→ What you need to do
All pictures must be left out as you transcribe the lines from the first line of the data to the line containing "What are the", both included.

→ Material provided
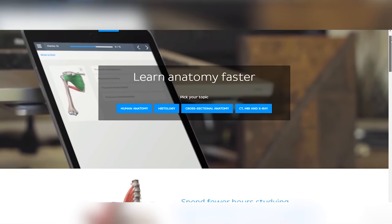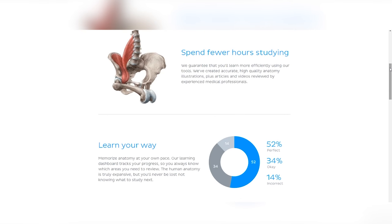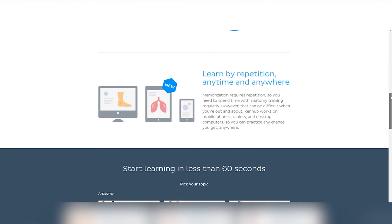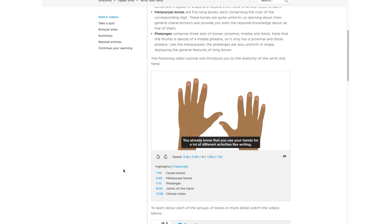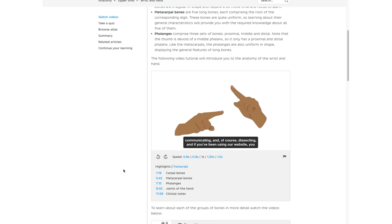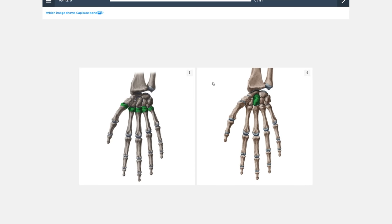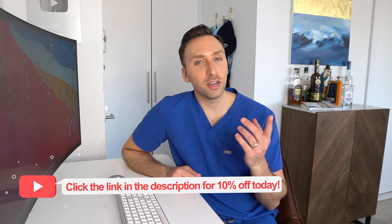Now we're going to switch gears and talk about a resource I wish I'd had during medical training: KenHub, which is sponsoring today's video. With over 500 video tutorials, quizzes, and 5,000 high-quality interactive atlas images, KenHub's content is expanded every week. You can read, watch tutorials, and quiz yourself at the end of each section to reinforce your knowledge. Use the link in my description to get 10% off KenHub today.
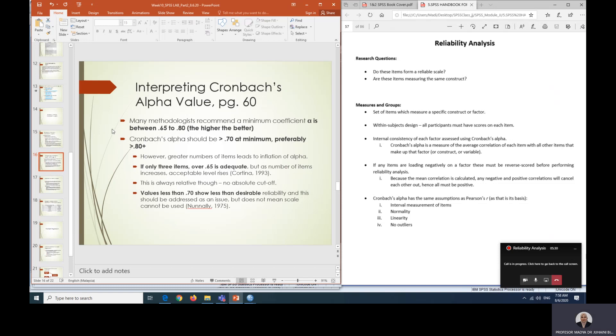What are the values that are acceptable for Cronbach Alpha or for your reliability analysis? Many methodologists recommend 0.65 to 0.8 or the higher the better. As a conclusion, we usually accept 0.7 at a minimum and preferably more than 0.8. However, for those items that only have three items, 0.65 is considered adequate.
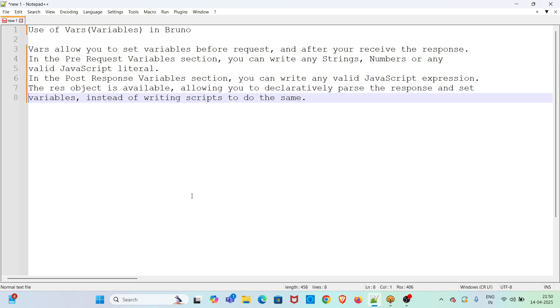In this video, I will be discussing use of vars or variables in Bruno. Vars allow you to set variables before request and after you receive the response. In the pre-request variable section, you can write any strings, numbers or any valid JavaScript literal. In the post-response variable section, you can write any valid JavaScript expression.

→ Expected answer
Now we're going to switch gears and talk about a resource I wish I'd had during medical training: KenHub, which is sponsoring today's video. With over 500 video tutorials, quizzes, and 5,000 high-quality interactive atlas images, KenHub's content is expanded every week. You can read, watch tutorials, and quiz yourself at the end of each section to reinforce your knowledge. Use the link in my description to get 10% off KenHub today.
What are the values that are acceptable for Cronbach Alpha or for your reliability analysis? Many methodologists recommend 0.65 to 0.8 or the higher the better. As a conclusion, we usually accept 0.7 at a minimum and preferably more than 0.8. However, for those items that only have three items, 0.65 is considered adequate.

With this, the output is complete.